=== DATA SEGMENT ===

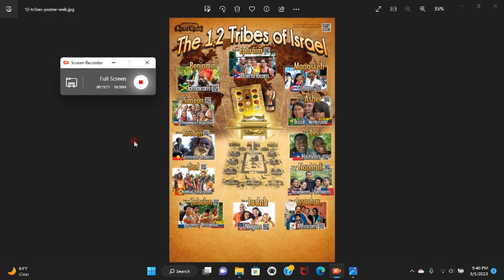'And I beheld, and lo, a great multitude which no man could number, of all nations and kindreds and people and tongues, stood before the throne and before the Lamb, clothed with white robes and palms in their hands. And they cried with a loud voice saying, Salvation to our God who sitteth upon the throne, and unto the Lamb.'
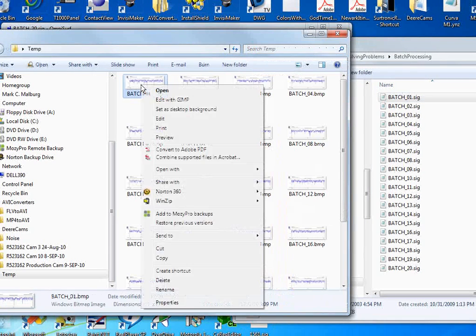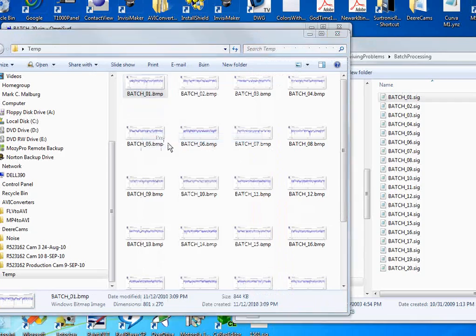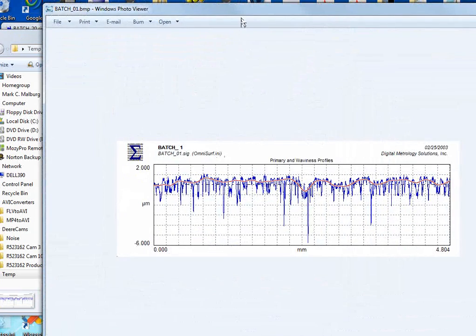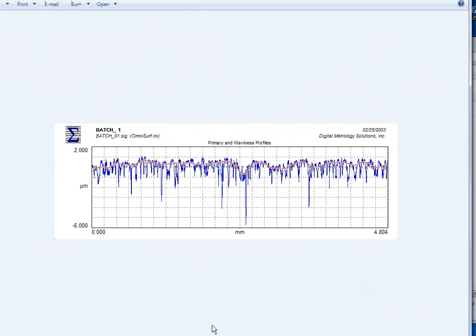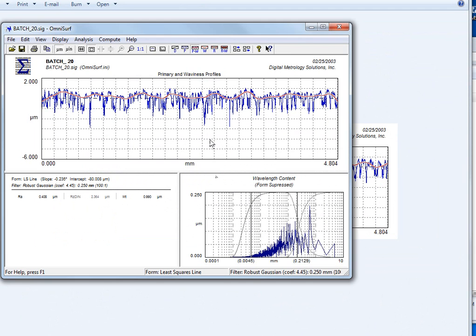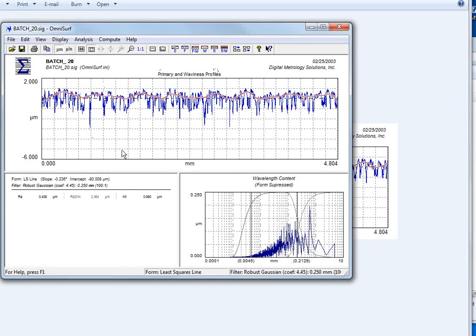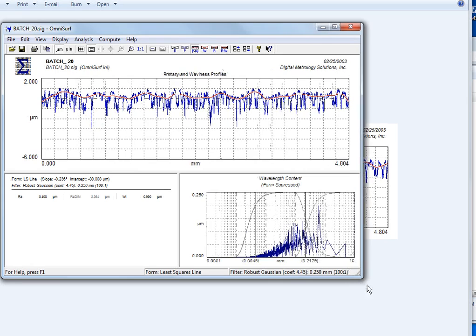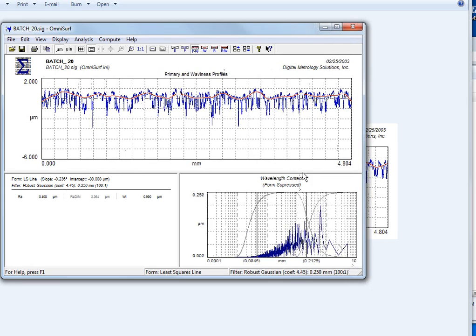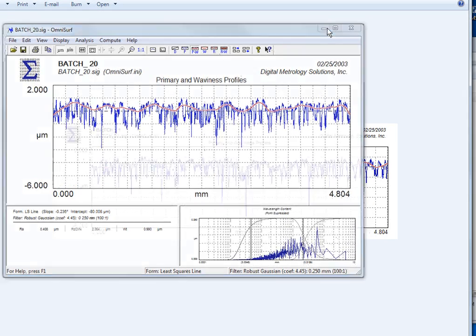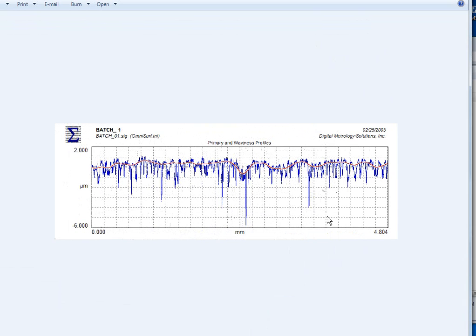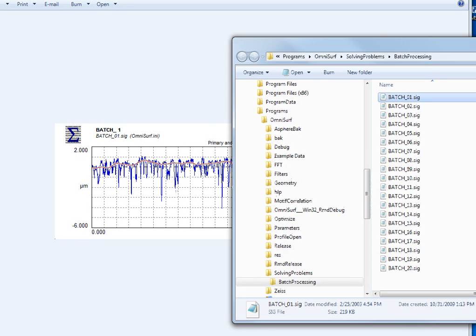And these bitmaps are the same size as the profile graph was in OmniSurf. If you look at the size of this image, it's the same size as this image in OmniSurf. So if you configure your OmniSurf to whatever size you want that image and run batch processing, you will get a directory or a folder full of images of profile graphs.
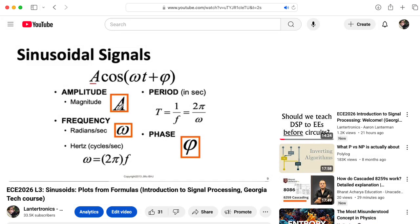Okay, that's enough introductory material. In the next lecture, we'll get with the math and start talking about sinusoids.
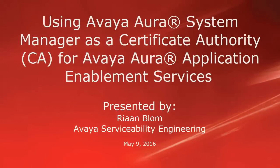Hello, my name is Rian Blom with the Avaya Serviceability Engineering team. This video is about using Avaya Aura System Manager as a certificate authority for Avaya Aura Application Enablement Services.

===

The lines to be extracted begin at the line containing "Okay, that's enough" and continue through the final line of the material above, both ends included. Reproduce them exactly, without the pictures.

**OUTPUT:**
Okay, that's enough introductory material. In the next lecture, we'll get with the math and start talking about sinusoids.
Hello, my name is Rian Blom with the Avaya Serviceability Engineering team. This video is about using Avaya Aura System Manager as a certificate authority for Avaya Aura Application Enablement Services.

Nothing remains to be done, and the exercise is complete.